### Data to examine

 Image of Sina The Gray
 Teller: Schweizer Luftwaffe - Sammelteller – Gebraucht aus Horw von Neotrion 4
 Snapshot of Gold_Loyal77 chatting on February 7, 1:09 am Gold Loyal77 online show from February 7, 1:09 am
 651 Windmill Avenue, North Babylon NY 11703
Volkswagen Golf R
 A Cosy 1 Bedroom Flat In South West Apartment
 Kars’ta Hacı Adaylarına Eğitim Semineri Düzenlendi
--
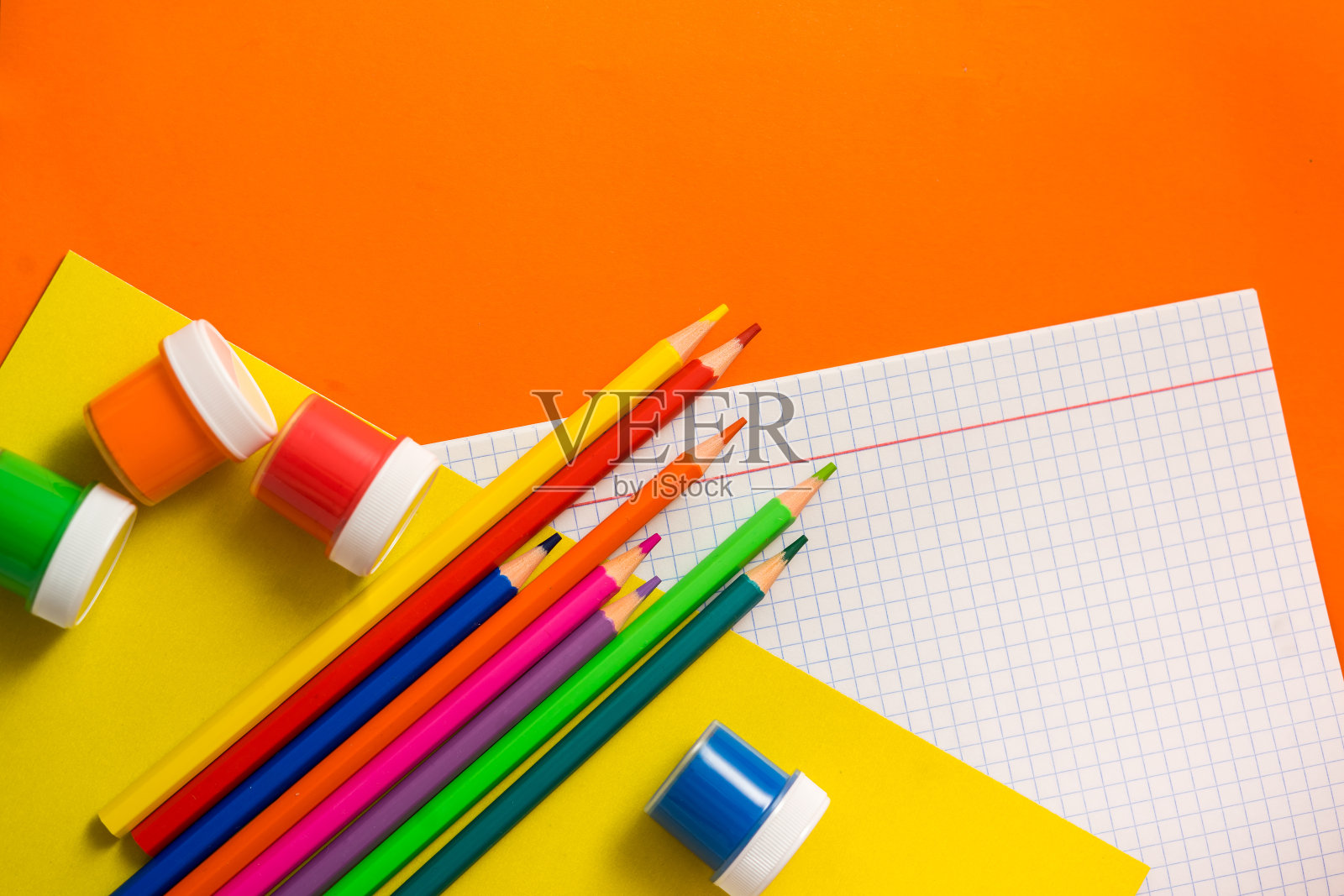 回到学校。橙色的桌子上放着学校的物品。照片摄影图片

### Your objective
Set down, exactly as they appear above, all lines from the one that has "Image of Sina The Gray" down to the one that has "Kars’ta Hacı Adaylarına", including those two and no others.

### Solution for this problem
 Image of Sina The Gray
 Teller: Schweizer Luftwaffe - Sammelteller – Gebraucht aus Horw von Neotrion 4
 Snapshot of Gold_Loyal77 chatting on February 7, 1:09 am Gold Loyal77 online show from February 7, 1:09 am
 651 Windmill Avenue, North Babylon NY 11703
Volkswagen Golf R
 A Cosy 1 Bedroom Flat In South West Apartment
 Kars’ta Hacı Adaylarına Eğitim Semineri Düzenlendi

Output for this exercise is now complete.